The BWCAW, which is part of the Superior National Forest, spans more than one million acres in northern Minnesota, though the general term the "Boundary Waters" often also includes the adjacent Quetico Provincial Park in Canada, another wilderness area that includes its own million acres.
The report used visitor surveys in 2007 and compared them to surveys that were done in 1969 and 1991.
The report also showed that the percentage of people who go to the Boundary Waters primarily to fish is less than it was even 20 years ago.
Bob Dvorak, lead author of the study and a professor at Central Michigan University, said this information is crucial for land managers so they can understand their visitors and trends.
People who rely on the BWCAW for their livelihood -- nearby outfitters and hotels -- also should study the report, Dvorak said, so they can understand their customer base. If fewer people are fishing, for example -- 35 percent reported going to the BWCAW primarily to fish in 2007, compared to 47 percent in 1991 -- that can inform future discussions of how to manage the land and cater to those visitors, he said.

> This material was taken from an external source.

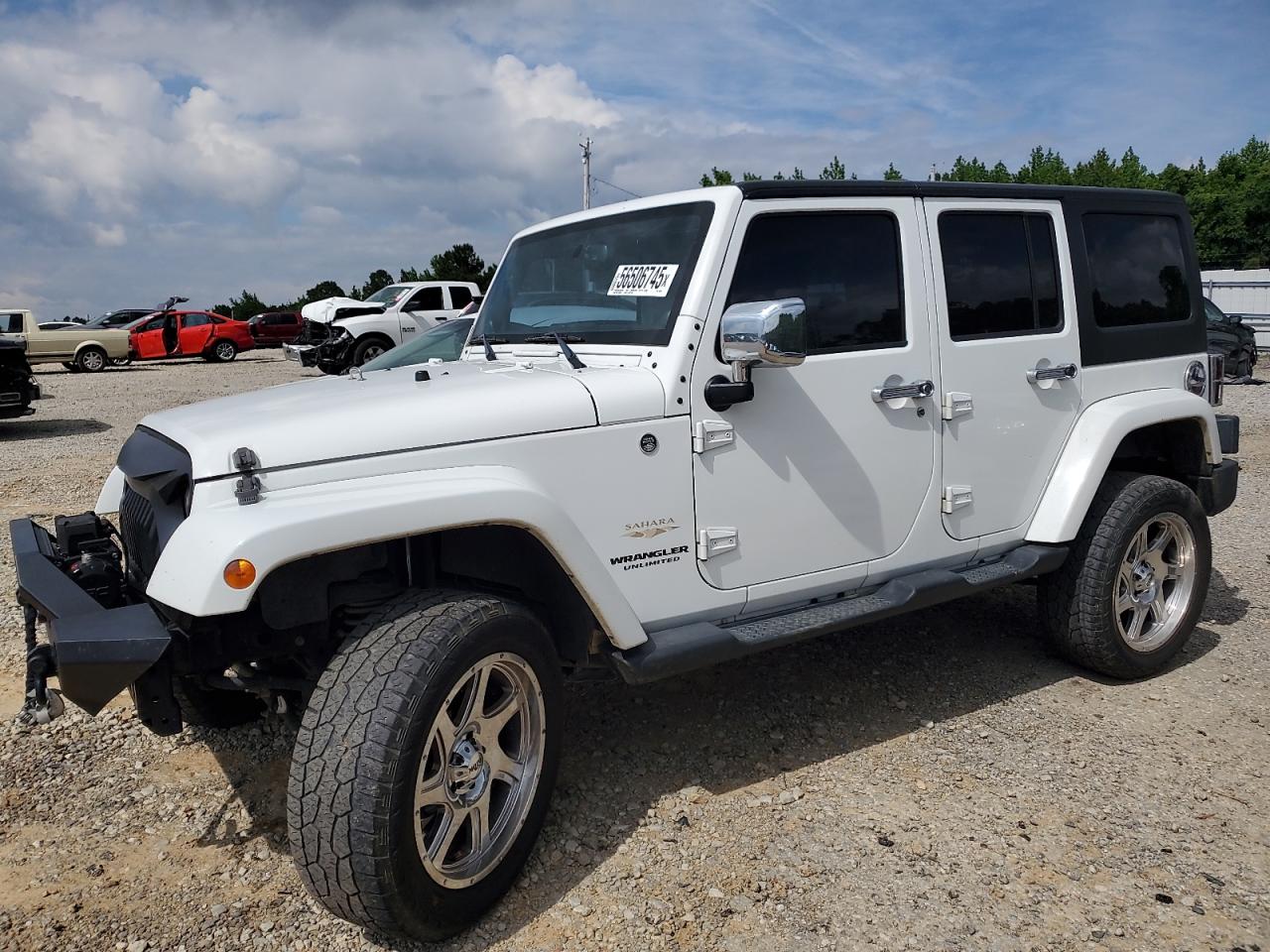 JEEP WRANGLER SAHARA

Age: In 1969, the median age of the Boundary Waters visitor was 26, which included a lot of students. By 2007, the median age had shot up to 45. Dvorak says that age increase can probably be explained in part by the state's entire demographics. Minnesota is getting older, and most visitors were from Minnesota.
First-time visitors: The number of first-time visitors is also down significantly. In 1969, 30 percent of visitors were first-timers, but by 2007 only 6 percent were first-time visitors.
Education: On the education front, nearly everyone who goes to the Boundary Waters has a high school diploma. In 1969, 20 percent of all visitors didn't have a high school diploma. By 1991, that dropped to zero percent and bumped back up to 1 percent in 2007.
Crowding: What are people's perception of how crowded it was? Dvorak said he was unable to get a good grasp of day visitors as most of this study looked at overnight visitors. Fewer people reported the Boundary Waters being completely uncrowded, which shows the trend is moving towards the idea that there is some crowding, but only in a few places during a trip.
"The fact that we don't have this huge explosion of 'It was crowded everywhere; we were frustrated with how crowded it was' -- we're not seeing that," he said. "And so I think that's a very good sign. We're much more in the category of 'Let's keep an eye on things.' There's no huge red flag right now."
Day-trip visitors are still a population not truly understood, Dvorak said.
"We really struggled to understand day users, and we recognize that they're a very important component to the visitation of the BWCA," he said. "Someone who goes on a 10-day trip has a very different set of expectations than a person who is out for three hours. Maybe that's where the first-time visitors are; they only spend three hours in the BWCA, instead of three days. What is that going to mean if that becomes the preferred or dominant use, compared to the traditional use we're used to seeing?"